*MATERIAL PROVIDED*.
────────
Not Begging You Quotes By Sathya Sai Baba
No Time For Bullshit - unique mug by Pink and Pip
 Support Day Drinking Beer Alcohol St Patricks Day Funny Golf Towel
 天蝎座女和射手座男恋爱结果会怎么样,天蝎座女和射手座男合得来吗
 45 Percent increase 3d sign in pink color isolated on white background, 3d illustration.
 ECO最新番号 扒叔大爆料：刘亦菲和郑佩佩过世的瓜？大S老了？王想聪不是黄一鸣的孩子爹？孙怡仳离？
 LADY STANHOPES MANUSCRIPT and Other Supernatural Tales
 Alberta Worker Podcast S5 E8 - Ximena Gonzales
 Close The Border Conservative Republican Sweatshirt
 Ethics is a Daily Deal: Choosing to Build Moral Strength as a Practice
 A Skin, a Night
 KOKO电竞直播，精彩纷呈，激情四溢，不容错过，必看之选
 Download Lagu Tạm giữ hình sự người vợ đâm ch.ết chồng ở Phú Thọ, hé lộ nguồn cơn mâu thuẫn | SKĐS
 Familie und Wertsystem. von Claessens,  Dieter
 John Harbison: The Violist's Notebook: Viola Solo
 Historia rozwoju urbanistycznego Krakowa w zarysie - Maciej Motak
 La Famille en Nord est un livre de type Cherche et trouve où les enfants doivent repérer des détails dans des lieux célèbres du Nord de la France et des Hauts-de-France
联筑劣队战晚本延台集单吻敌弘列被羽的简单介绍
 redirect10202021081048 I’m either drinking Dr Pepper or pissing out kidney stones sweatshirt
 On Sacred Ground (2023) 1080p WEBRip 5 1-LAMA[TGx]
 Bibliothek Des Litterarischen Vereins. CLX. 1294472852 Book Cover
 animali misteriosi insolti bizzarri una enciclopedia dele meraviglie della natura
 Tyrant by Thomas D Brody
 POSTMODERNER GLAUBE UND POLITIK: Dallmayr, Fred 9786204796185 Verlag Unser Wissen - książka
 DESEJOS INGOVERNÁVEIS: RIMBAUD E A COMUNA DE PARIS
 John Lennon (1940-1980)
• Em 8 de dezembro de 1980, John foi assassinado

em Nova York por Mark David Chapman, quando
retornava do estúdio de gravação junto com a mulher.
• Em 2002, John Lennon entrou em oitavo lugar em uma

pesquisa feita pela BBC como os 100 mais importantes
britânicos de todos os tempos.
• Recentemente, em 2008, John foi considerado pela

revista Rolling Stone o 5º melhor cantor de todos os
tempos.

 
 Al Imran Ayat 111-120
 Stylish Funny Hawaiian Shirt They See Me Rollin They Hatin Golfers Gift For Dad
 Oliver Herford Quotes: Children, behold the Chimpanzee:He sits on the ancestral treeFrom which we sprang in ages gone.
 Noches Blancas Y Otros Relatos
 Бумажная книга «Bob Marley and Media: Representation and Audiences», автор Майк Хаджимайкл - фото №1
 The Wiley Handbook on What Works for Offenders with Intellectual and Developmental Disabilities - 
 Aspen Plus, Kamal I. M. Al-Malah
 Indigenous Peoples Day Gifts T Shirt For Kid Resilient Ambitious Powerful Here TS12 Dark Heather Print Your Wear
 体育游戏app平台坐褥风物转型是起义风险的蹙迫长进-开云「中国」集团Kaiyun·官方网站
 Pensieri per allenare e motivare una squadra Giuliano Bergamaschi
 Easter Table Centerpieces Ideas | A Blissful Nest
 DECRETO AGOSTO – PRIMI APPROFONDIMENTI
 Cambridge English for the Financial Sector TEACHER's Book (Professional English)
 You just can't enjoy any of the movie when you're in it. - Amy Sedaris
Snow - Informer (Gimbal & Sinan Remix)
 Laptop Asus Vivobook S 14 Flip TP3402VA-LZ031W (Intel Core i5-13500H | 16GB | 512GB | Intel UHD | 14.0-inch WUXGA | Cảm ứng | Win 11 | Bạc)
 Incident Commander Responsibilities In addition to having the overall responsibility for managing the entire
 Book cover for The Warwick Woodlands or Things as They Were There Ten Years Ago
────────
Report each line above that includes the string "Lennon".

*TASK SOLUTION*.
 John Lennon (1940-1980)
• Em 2002, John Lennon entrou em oitavo lugar em uma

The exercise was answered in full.